* [ASSIGNMENT]: Directions for the data below: repeat exactly the lines from the one with "Men's Bold TR90 Gold Accent Watch" through the one with "Pergamino escudo Atlético de Madrid", both included, and omit all pictures.

* [INPUT FOR THIS TASK]:
··········
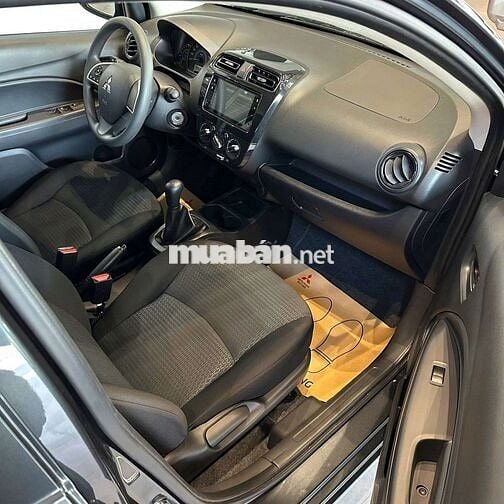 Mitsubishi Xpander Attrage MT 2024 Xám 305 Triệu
··········
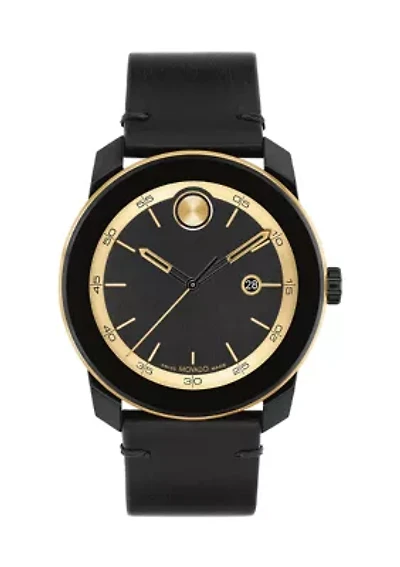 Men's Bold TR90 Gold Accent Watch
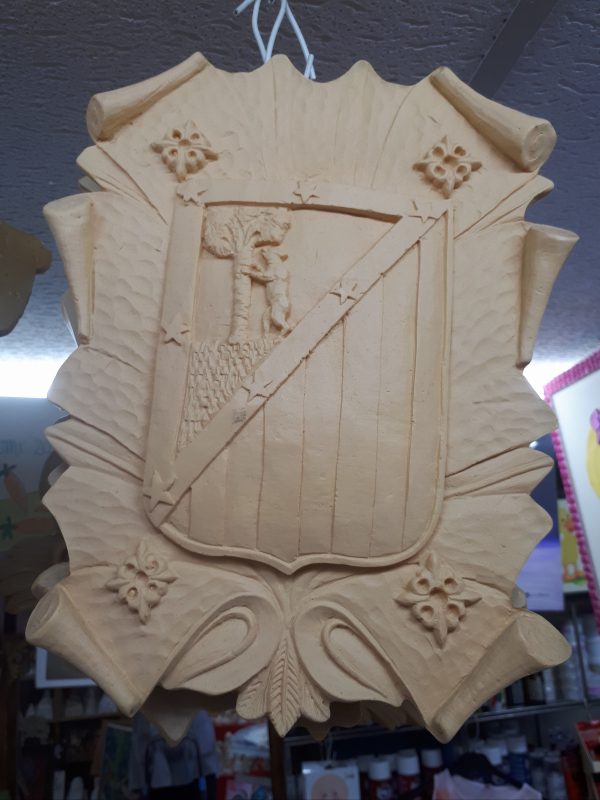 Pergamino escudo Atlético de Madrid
··········
* [TASK OUTPUT]:
 Men's Bold TR90 Gold Accent Watch
 Pergamino escudo Atlético de Madrid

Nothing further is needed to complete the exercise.